Statistical perspective: If groups differ on a variable, then you can use knowledge of group membership to improve your prediction on that variable. For example, occupation predicts income. If I know someone is a doctor, I can predict that they earn more money than other people. As group differences get larger, so will be the improvement in prediction that is provided by knowing group membership.
Here is an example where groups differ by one standard deviation (i.e., one group has mean IQ of 100, and the other has mean IQ of 85):
# Create data: 2 groups differing by 1 SD
> group1 <- data.frame(group = 1, iq = rnorm(1000, mean = 100, sd = 15))
> group2 <- data.frame(group = 2, iq = rnorm(1000, mean = 85, sd = 15))
> x <- rbind(group1, group2)
>
> summary(lm(iq ~ group, x))
Call:
lm(formula = iq ~ group, data = x)
Residuals:
Min 1Q Median 3Q Max
-47.168 -10.344 0.013 10.132 52.188
Coefficients:
Estimate Std.

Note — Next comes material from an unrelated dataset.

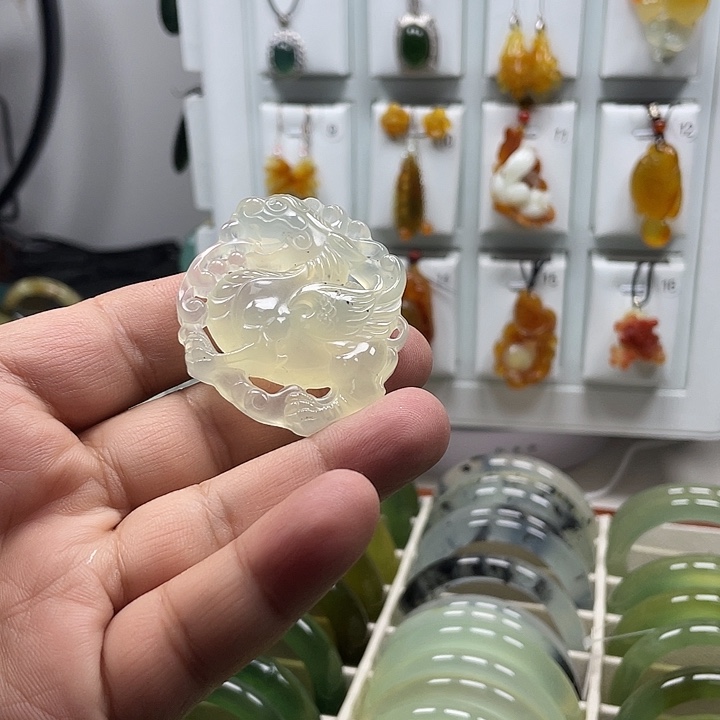 蛇纹石玉合金颈饰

Error t value Pr(>|t|)
(Intercept) 114.344 1.064 107.46 <2e-16 ***
group -14.279 0.673 -21.22 <2e-16 ***
---
Signif. codes: 0 ‘***’ 0.001 ‘**’ 0.01 ‘*’ 0.05 ‘.’ 0.1 ‘ ’ 1
Residual standard error: 15.05 on 1998 degrees of freedom
Multiple R-squared: 0.1839, Adjusted R-squared: 0.1835
F-statistic: 450.2 on 1 and 1998 DF, p-value: < 2.2e-16
I then ran a multiple regression. The R-squared represents the percentage of variance explained by group (i.e., 18.4%). Thus, the within-group variance is 100% - 18.4% = 81.6%. So that is the basis for the claim. So one possible estimate based on the literature is that within-group variance is around four times larger than between-group variance. Of course the exact numbers would depend on which groups were being compared and which empirical literature was used to form the estimate.

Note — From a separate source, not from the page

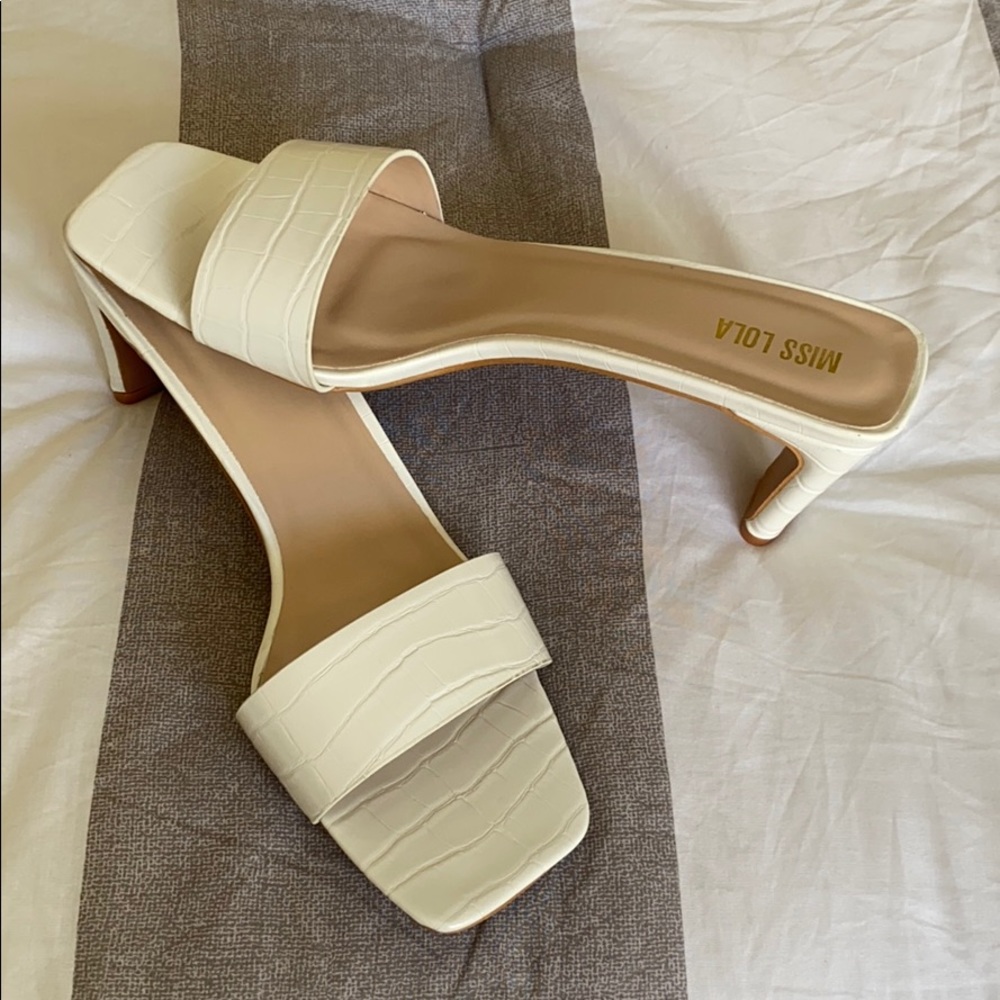 White faux snake skin chunky kitten heel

This raises the question of how big group differences need to be before you could say that "you know something about a person based on group membership".
Presumably, such inference are partially based on practical and ethics issues related to over generalization.
In general, group differences need to be extremely large (perhaps 2 or 3 standard deviations) before the overlap between group distributions gets small.
Legal/ethical perspective: More importantly, generalizing from groups to individuals is illegal in many contexts. For example, many countries have legislation that aims to prevent the use of age, race, gender, religion, etc. as the basis for making employment, education, and other defined decisions. Thus, even if membership of these categories is predictive of something relevant, decision makers are forbidden from using this information. Rather, if they want, for example, to use intelligence scores to influence hiring decisions, then they need to actually measure intelligence, rather than rely on a meta-analysis that shows that the group to which the applicant is a member tends to score higher or lower.
There are many good reason why such a legal regime is ethical and desirable. From a practical perspective, measurement will be far superior if you actually measure the thing of interest rather than inferring it from group membership. Furthermore, in many cases, people base their beliefs about group differences on stereotypes with no empirical backing. But more importantly, it reduces the perpetuation of social inequality. It focuses attention on the skills, competencies, and capacities of the individual.